>>>>
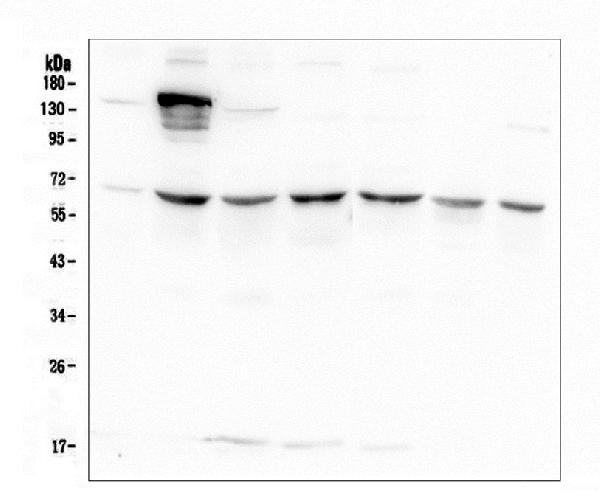 1 - Anti-AKT2 Antibody Picoband™ (monoclonal, 10C6) ABO14804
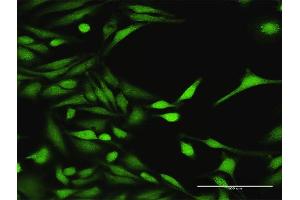 Immunofluorescence of purified MaxPab antibody to MAP3K7 on HeLa cell. (MAP3K7 抗体  (AA 1-579))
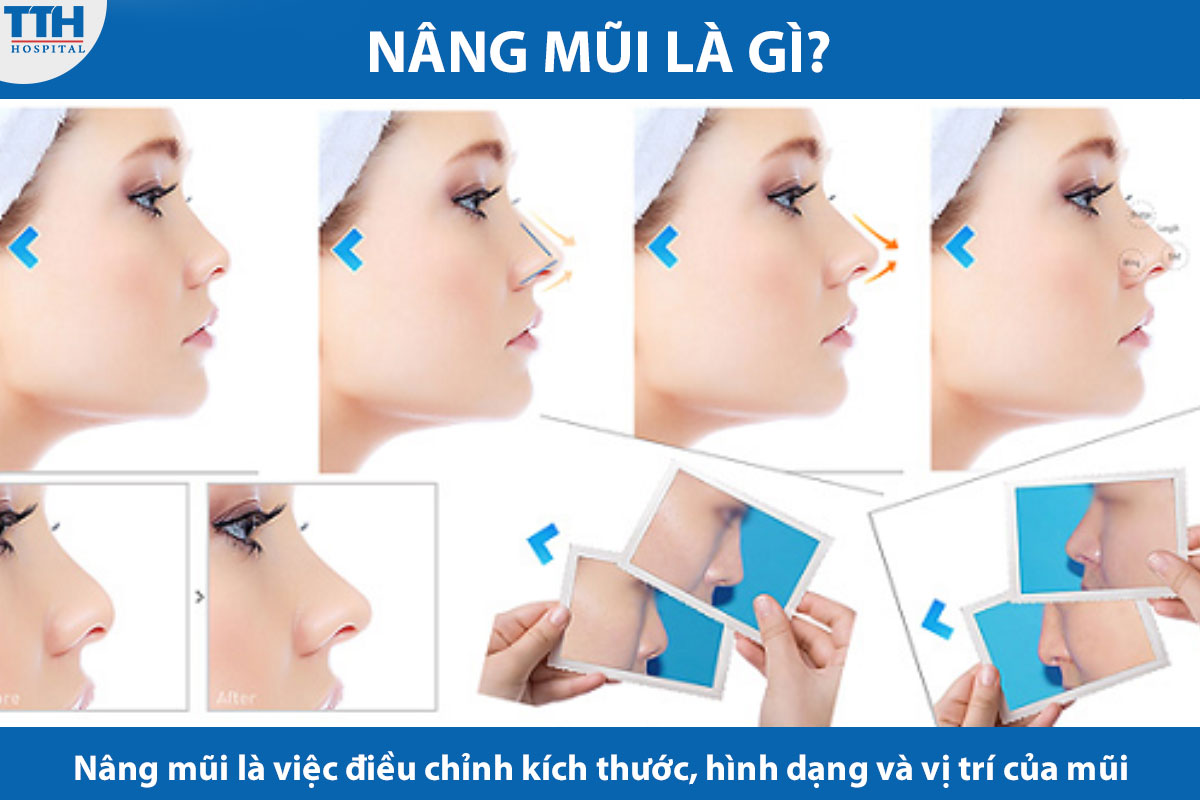 Nâng mũi là gì?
<<<<
Work request:
Exclude the images and reproduce the remaining data exactly.

Task response:
 1 - Anti-AKT2 Antibody Picoband™ (monoclonal, 10C6) ABO14804
 Immunofluorescence of purified MaxPab antibody to MAP3K7 on HeLa cell. (MAP3K7 抗体  (AA 1-579))
 Nâng mũi là gì?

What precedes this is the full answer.